TBM council passed an amendment to its parking bylaw earlier this week, which restricts parking on 10 roads within the municipality, including Pretty River Road and 12th line.

Shawn Everitt, CAO for TBM, wants to reassure the public that the town is focused on finding a balance between road safety and the need and desire to enjoy outdoor recreation.

He says that the listed parking restrictions will not necessarily be applied to the entire length of the roadways but rather focused on “hazard situations.”

“The intent of the additional no parking areas is not to restrict parking along the entire stretches of the indicated roads,” Everitt said.
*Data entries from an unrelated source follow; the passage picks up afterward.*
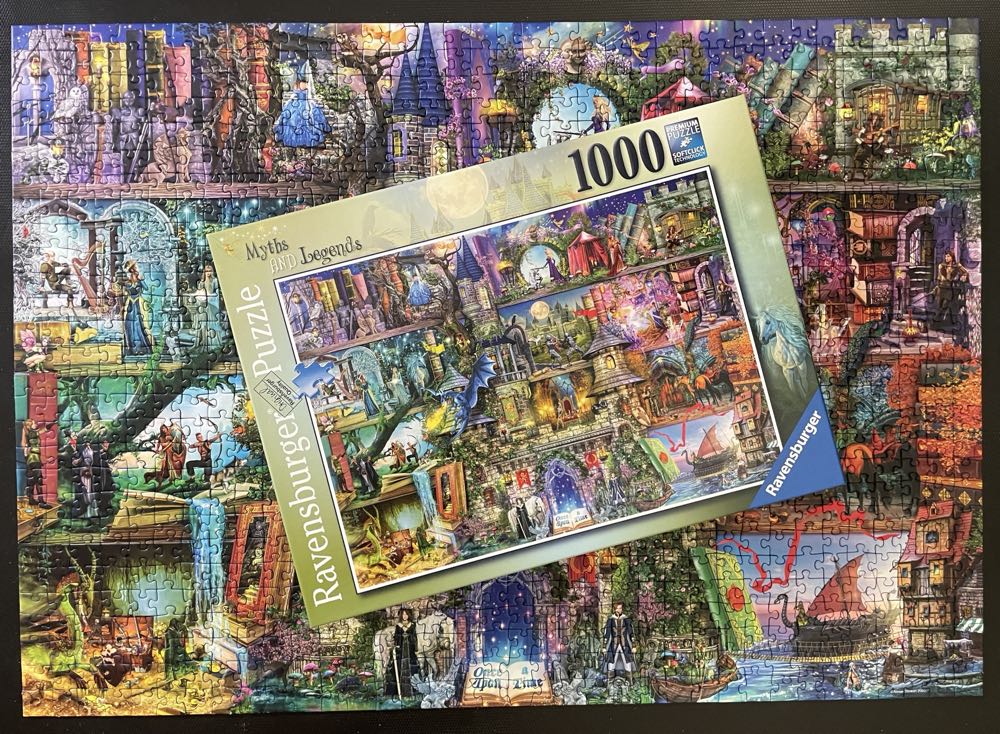 Myths and Legends - Ravensburger puzzle collectible - Main Image 2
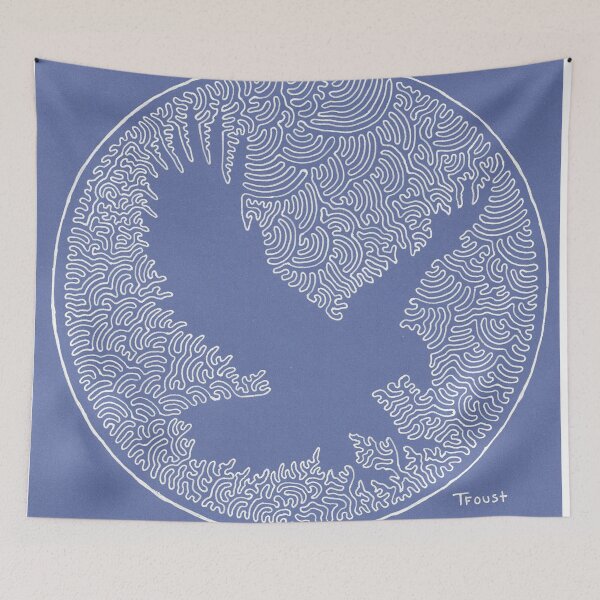 Item preview, One Line Eagle by tfoust  designed and sold by tfoust10.
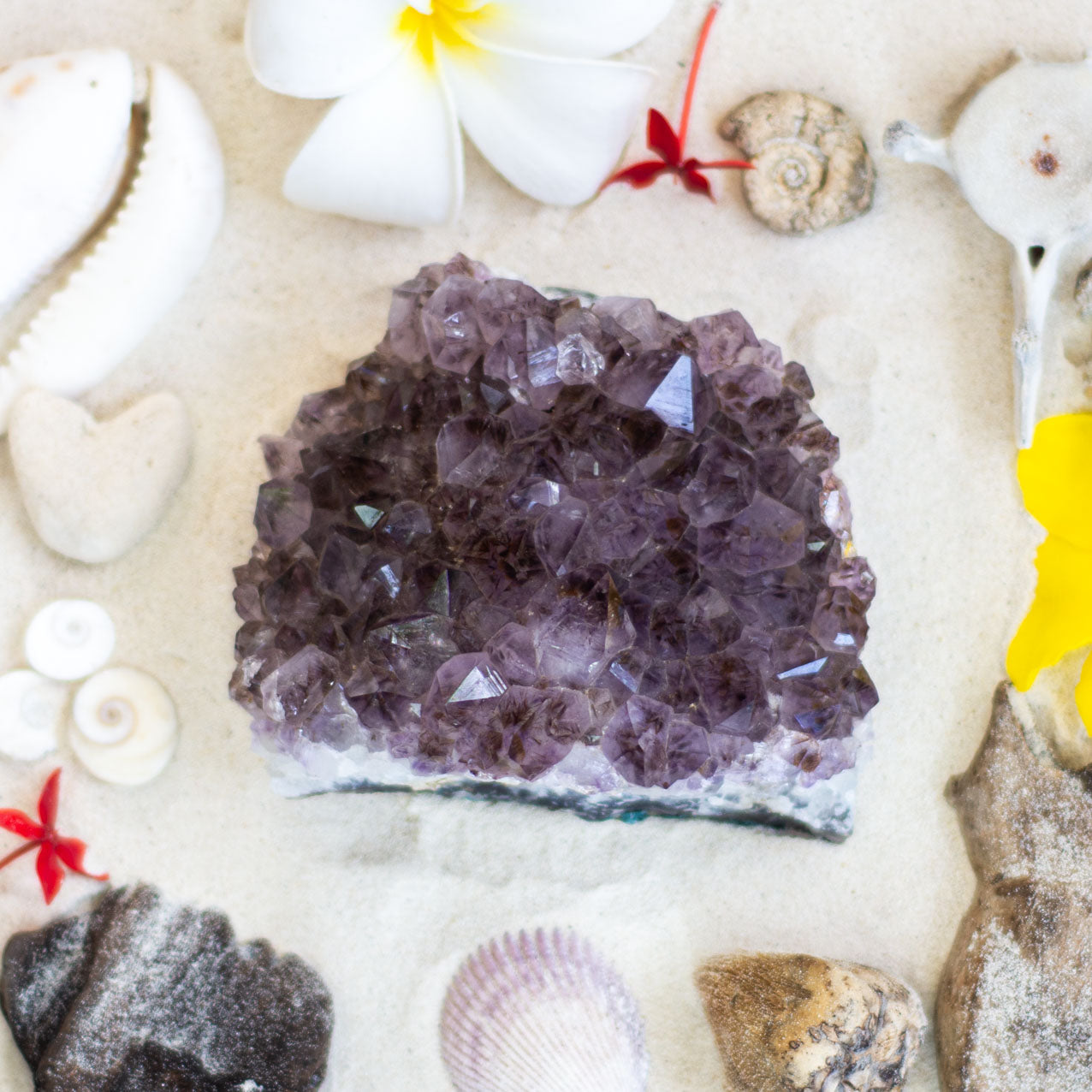 Amethyst Raw Cluster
“The focus is on specific areas of concern and where hazard situations have been experienced and identified, such as areas where cars commonly park on both sides of the road, where there are bends in the road and where parking may prevent access to residential laneways,” he continued.

Since passing the amendment on Wednesday, TBM has received mixed responses in regards to the restrictions with some residents expressing relief over safety concerns and others voicing their disappointment about the added obstacle in accessing their favourite trails.

“Generally citizens who have emailed council agree that unsafe parking needs to be dealt with, but they regret the impact on their ability to get out and enjoy nature, especially in this COVID lockdown environment,” said TBM councillor Rob Sampson.

Sampson has asked the issue be placed on the agenda for TBM’s special Committee of the Whole meeting that is scheduled for Monday, so that “we can clarify some confusion that seems to be circulating in the community and so that we can also consider the issues and concerns raised by residents,” he said.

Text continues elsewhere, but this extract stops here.